For which $n\ge 2$ is it possible to find $n$ pairwise non-similar triangles $A_1, A_2,\ldots , A_n$ such that each of them can be divided into $n$ pairwise non-similar triangles, each of them similar to one of $A_1,A_2 ,\ldots ,A_n$?
Problem
Source: Baltic Way 2009
Tags: geometry, similar triangles, geometry proposed
lin
02.03.2011 03:29
Who can post the official solution ? Thanks.
_el_doopa
05.11.2013 11:11
Not official:
For each $n \geq 2$.
Let $\alpha+\beta < \frac{\pi}{2}$, we denote by $\triangle(\alpha,\beta)$ a triangle with angles $\alpha,\beta$. We write $\triangle_1 = \triangle_2+\triangle_3$ if $\triangle_1$ can be cut into two triangles similar to $\triangle_2,\triangle_3$ respectively.

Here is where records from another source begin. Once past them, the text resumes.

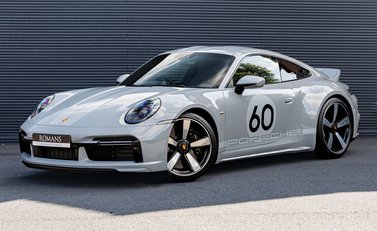 Porsche 911 SPORT CLASSIC (992) 2
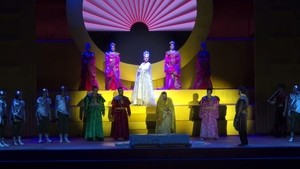Opera ‘Again 2024 Turandot' conductor steps down following director's departure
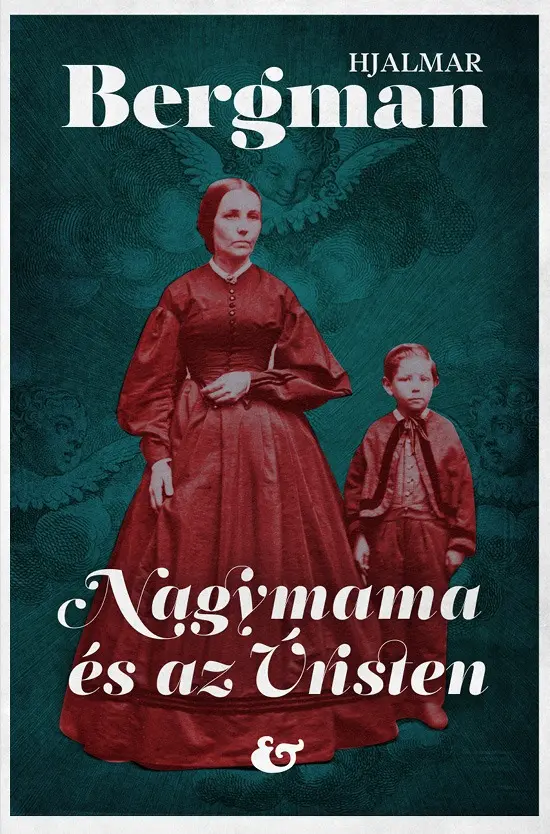 Nagymama és az Úristen borító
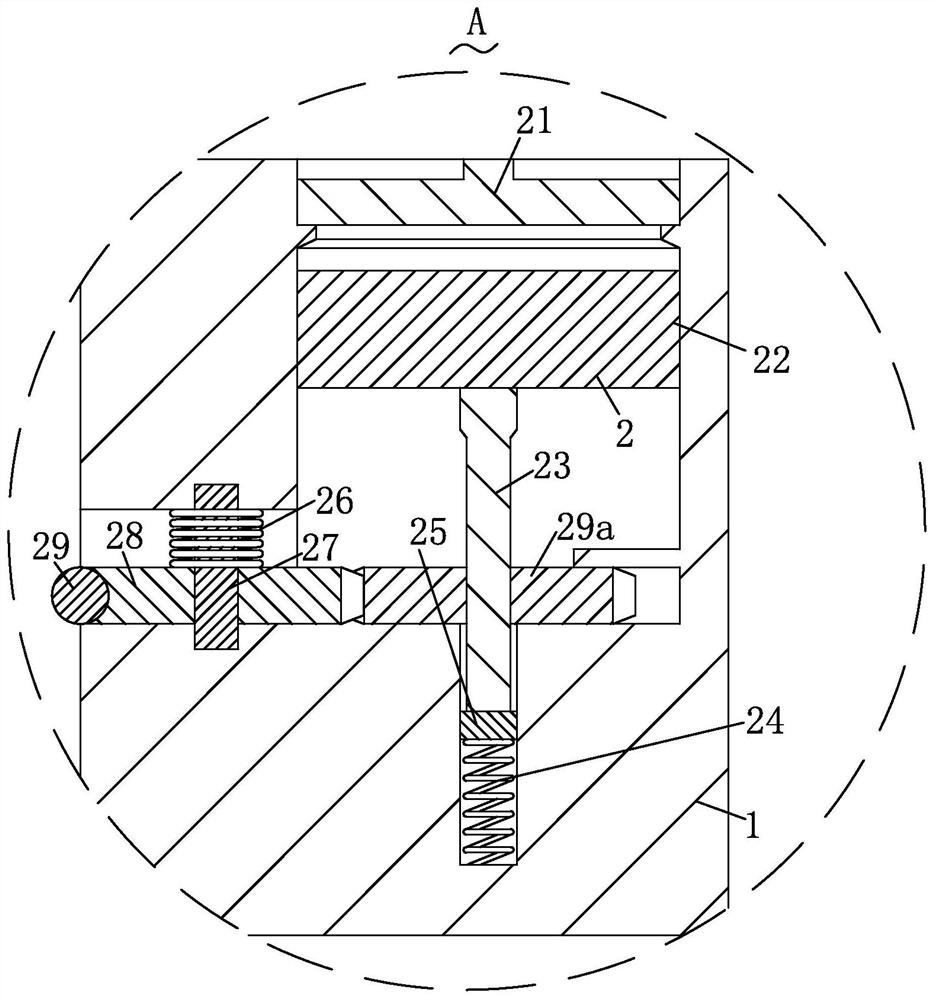 BIM building security device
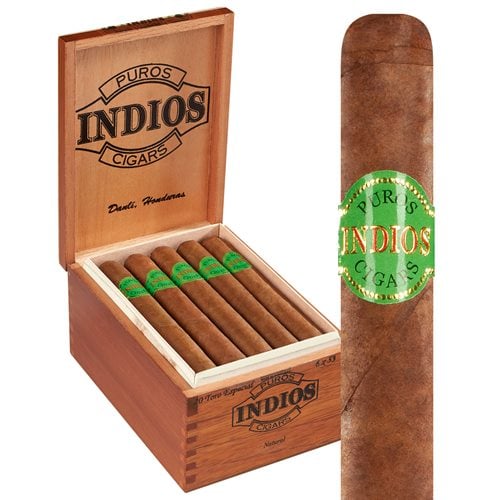 Puros Indios Cigars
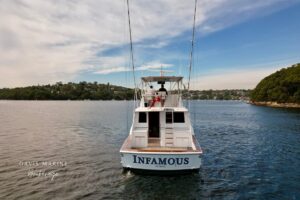 1970 Hatteras 53 Convertible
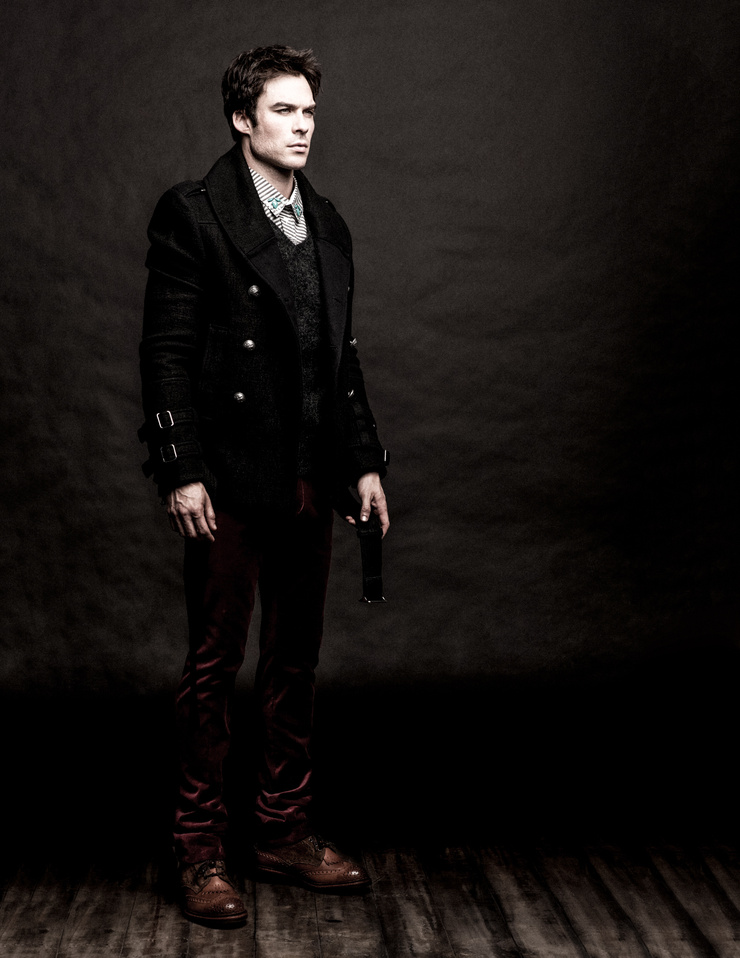 Ian Somerhalder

Let us take small enough $\alpha << 1$. Our triangles are $\triangle(\alpha,\alpha),\triangle(\alpha,2\alpha),\ldots,\triangle(\alpha,n\alpha)$.
Using one simple cut we can easily get $\triangle(\alpha,k\alpha) = \triangle(\alpha,(k+1)\alpha)+\triangle(\alpha,k\alpha)$
and $\triangle(\alpha,k\alpha) = \triangle(\alpha,(k-1)\alpha)+\triangle(\alpha,k\alpha)$, for each $k\leq n$.
Using this formulas recursively we get
$\triangle(\alpha,k\alpha) = \triangle(\alpha,\alpha)+\triangle(\alpha,2\alpha)+\cdots+\triangle(\alpha,n\alpha)$, for each $1 \leq k \leq n$.